A verbatim copy of the data is wanted, minus any picture in it.

## Entries provided
*** Block opens ***
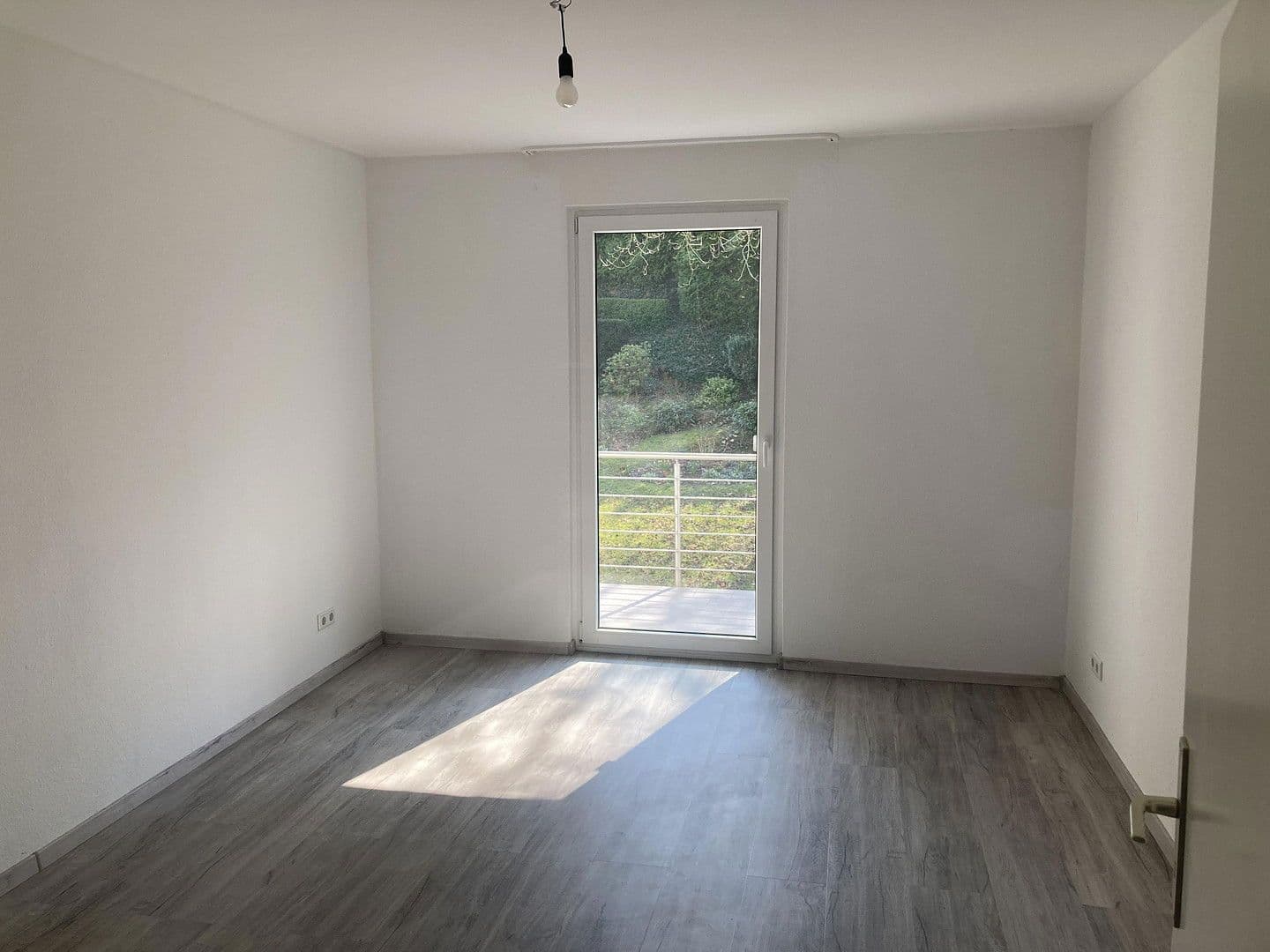 1 bedroom with open-plan kitchen flat to rent, 64 m², Hülsenweg 12, Heiligenhaus, North Rhine-Westphalia 1 bedroom with open-plan kitchen flat to rent, 64 m², Hülsenweg 12, Heiligenhaus, North Rhine-Westphalia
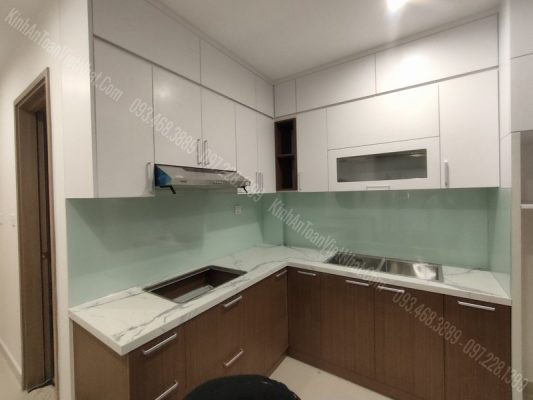 CTTB Kính Bếp Màu Trắng Xanh tại Liên Mạc - Từ Liêm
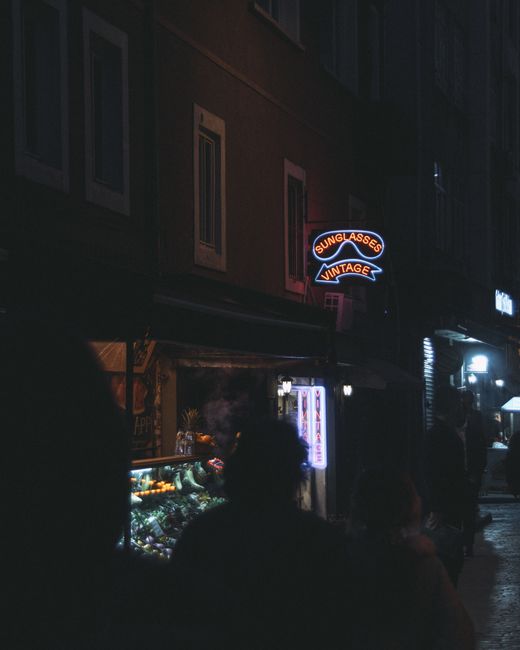 Folija in neon napis frizerski salon Kodra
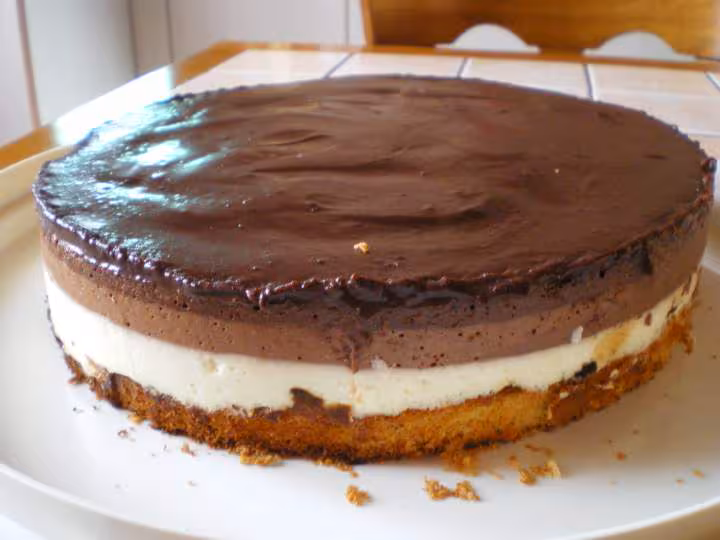 Entremets 3chocolats et sa sauce avant deco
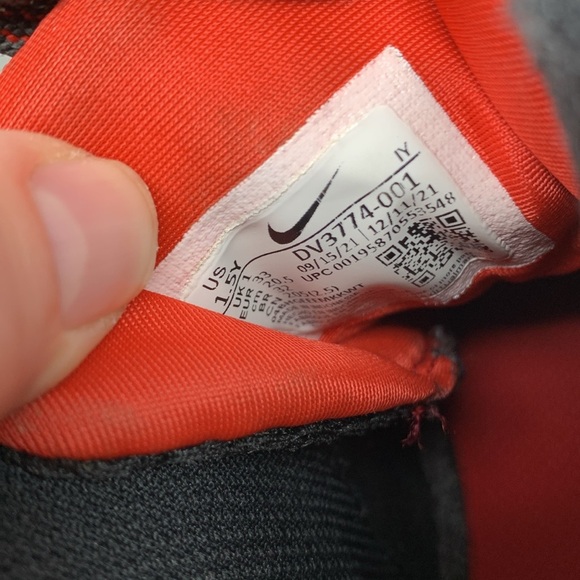 Nike Little Posite One Foamposite Bred Black Red DV3774-001 Youth Size 1.5 - Picture 10 of 10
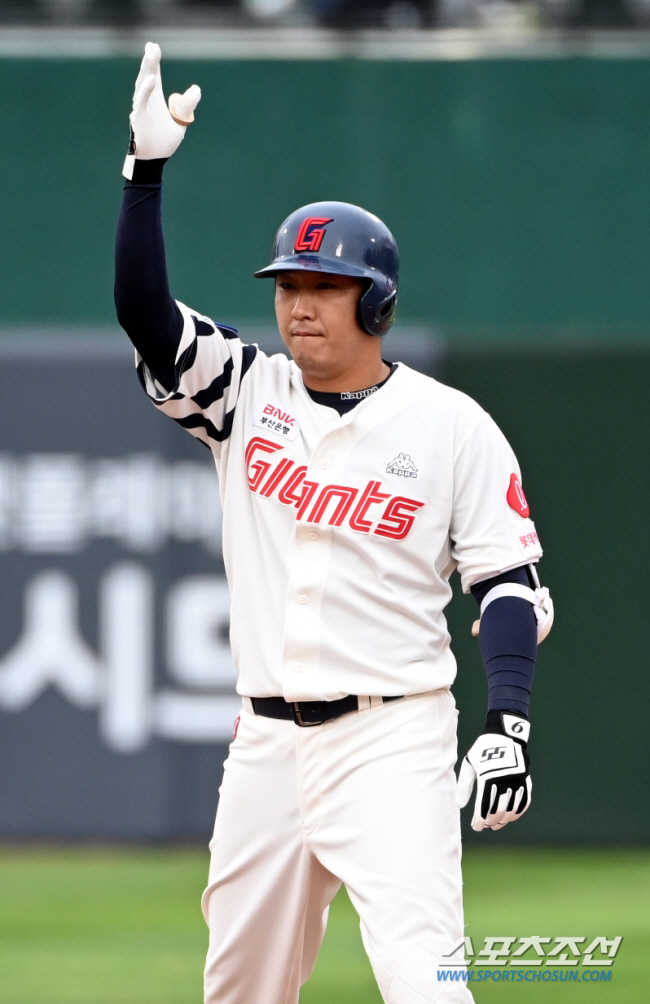 '47억 FA' 빠져도…부활 꿈꾸는 거포→파워 키운 5억 유망주까지. 사…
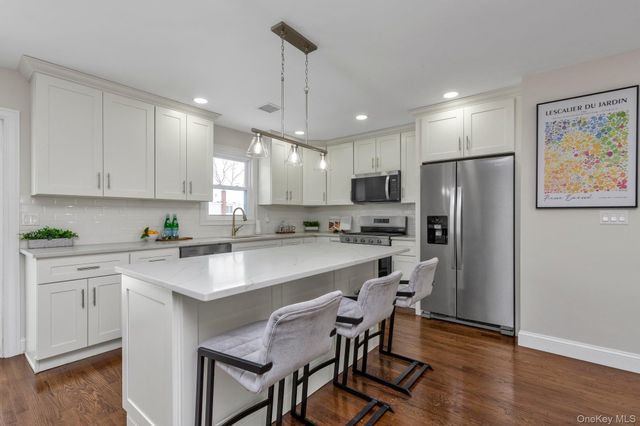 3 Jayne Avenue, Melville, NY 11747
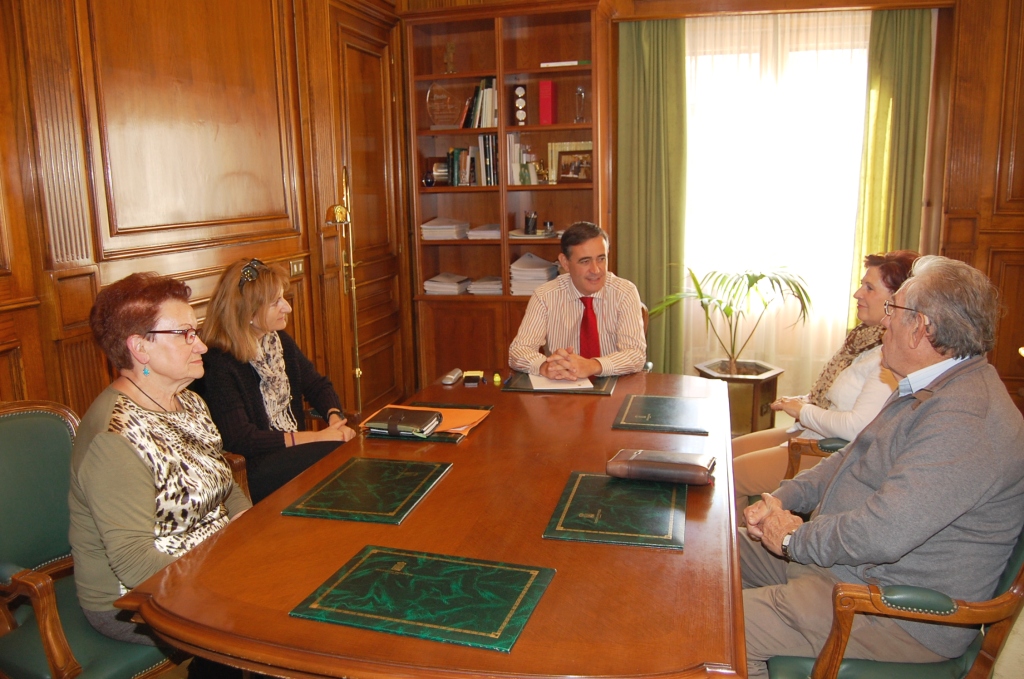 LA DIPUTACIÓN DESTINARÁ 6.000 EUROS  A LA FEDERACIÓN DE JUBILADOS Y PENSIONISTAS DE SORIA EN 2014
*** Block closes ***
## Result of the task
 1 bedroom with open-plan kitchen flat to rent, 64 m², Hülsenweg 12, Heiligenhaus, North Rhine-Westphalia 1 bedroom with open-plan kitchen flat to rent, 64 m², Hülsenweg 12, Heiligenhaus, North Rhine-Westphalia
 CTTB Kính Bếp Màu Trắng Xanh tại Liên Mạc - Từ Liêm
 Folija in neon napis frizerski salon Kodra
 Entremets 3chocolats et sa sauce avant deco
 Nike Little Posite One Foamposite Bred Black Red DV3774-001 Youth Size 1.5 - Picture 10 of 10
 '47억 FA' 빠져도…부활 꿈꾸는 거포→파워 키운 5억 유망주까지. 사…
 3 Jayne Avenue, Melville, NY 11747
 LA DIPUTACIÓN DESTINARÁ 6.000 EUROS  A LA FEDERACIÓN DE JUBILADOS Y PENSIONISTAS DE SORIA EN 2014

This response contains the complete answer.